> [DATA TO EXAMINE]:

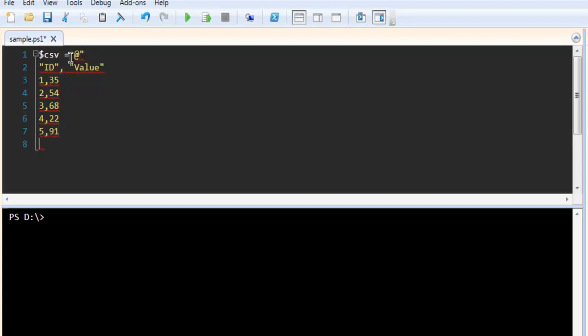After that, close the variable. Your variable should start with @ and double quotes, and end with @ and double quotes, containing your CSV values.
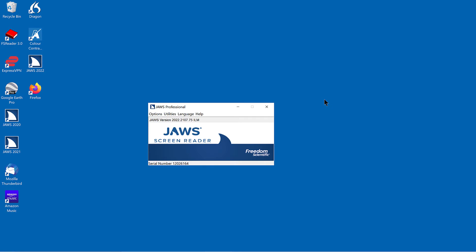Changes can be made individually, application-specific, or globally by changing the JAWS Settings Center to default all applications. To change this, do the following.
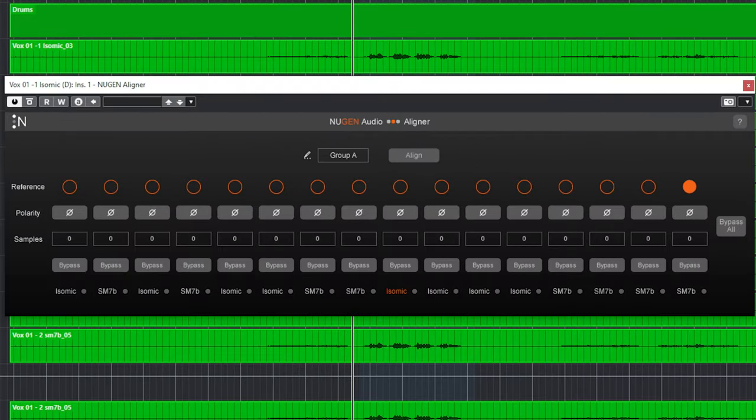I don't know what the maximum is of how many tracks you can align at the same time in the same group. I went up to 16, and I think that's way more than you will even use.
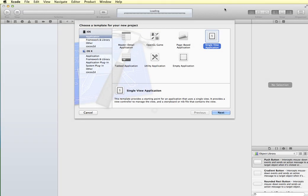Hi. In this video tutorial we're going to look at how to create scenes and segues in our storyboard. To begin with I'm going to create a new Xcode project and it's going to be a single view application.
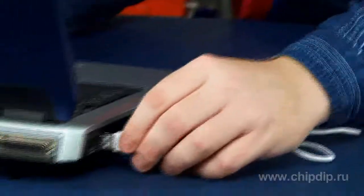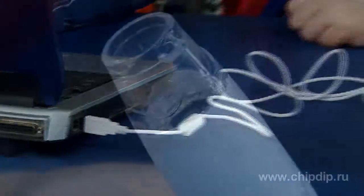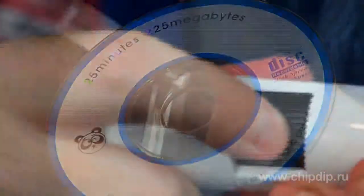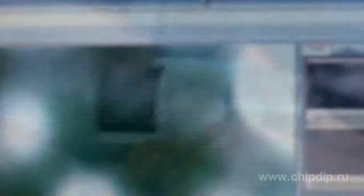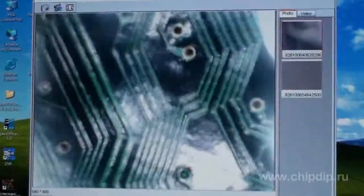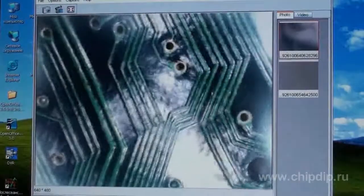The microscope has a mechanism of manual focusing and adjustment of magnification, and produces images with magnification from 10 to 200 times. We can also make a video record or photos and save them for further viewing.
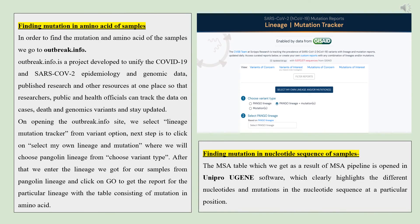Mutations in amino acids are found in samples using outbreak.info, where the lineage mutation tracker is selected and then 'select your own lineage' is used. Next, click on 'choose variant type and mutation' and enter the lineage of the sample to find the mutations. Using UGENE, the MSA pipeline is opened, which highlights nucleotides and the mutations.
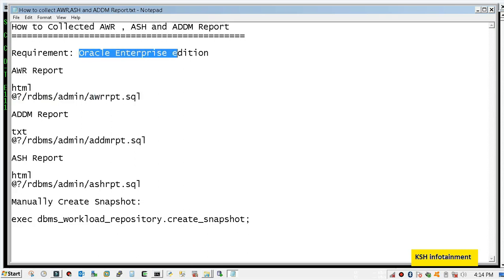You are not allowed to run it on a standard edition. You will not get any error on a standard edition, but if Oracle does an audit on your organization, they will definitely fine you a huge amount. So ensure to have Enterprise Edition.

> [TASK TO CARRY OUT]:
Using the material above, transcribe exactly the lines from the one holding "I don't know" to the one holding "Hi. In this", both ends kept. Do not carry over any pictures.

> [WRITTEN SOLUTION]:
I don't know what the maximum is of how many tracks you can align at the same time in the same group. I went up to 16, and I think that's way more than you will even use.
Hi. In this video tutorial we're going to look at how to create scenes and segues in our storyboard. To begin with I'm going to create a new Xcode project and it's going to be a single view application.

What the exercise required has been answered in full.